KOMPAS.com - Ketimpangan ekonomi masyarakat bisa dilihat dalam sebuah kawasan, seperti lingkup desa, kabupaten, negara, hingga cakupan global.
Bila di sebuah desa ada yang sangat kaya dan sangat miskin, dalam skala global pun hal itu dirasakan sebagian besar generasi milenial di berbagai negara.
Hal itu menjadi salah satu poin hasil survei oleh Deloitte, sebuah kelompok akuntan global terbesar di dunia yang berkantor di Amerika Serikat, dalam laporan mereka yang berjudul "The Deloitte Global 2022 Gen Z and Millennial."
Generasi Z adalah mereka yang lahir pada tahun 1995-2010, dan yang termasuk generasi Y atau milenial adalah yang lahir tahun 1981-1994.
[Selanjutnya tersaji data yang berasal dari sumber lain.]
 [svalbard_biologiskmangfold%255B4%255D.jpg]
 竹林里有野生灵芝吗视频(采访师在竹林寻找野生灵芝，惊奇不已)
Laporan itu mengatakan, 72 persen generasi Z dan 77 persen generasi milenial peserta survei di seluruh dunia, setuju ketimpangan ekonomi semakin melebar.
Baca juga: Cerita Siami, Perajin Kain Tenun Osing Terakhir di Banyuwangi...
Artinya, perbedaan jumlah uang yang dimiliki si kaya dan si miskin semakin jauh selisihnya. Uang si kaya semakin bertambah, dan si miskin semakin berkurang.
Apakah kegiatan ekonomi atau bisnis yang ada, telah berdampak positif pada kesejahteraan masyarakat?
Sebanyak 45 persen generasi Z dan 44 persen milenial, mereka menyatakan setuju bisnis-bisnis itu telah berdampak positif pada masyarakat.
Laporan survei itu mengatakan, angka tersebut turun berturut-turut selama lima tahun terakhir.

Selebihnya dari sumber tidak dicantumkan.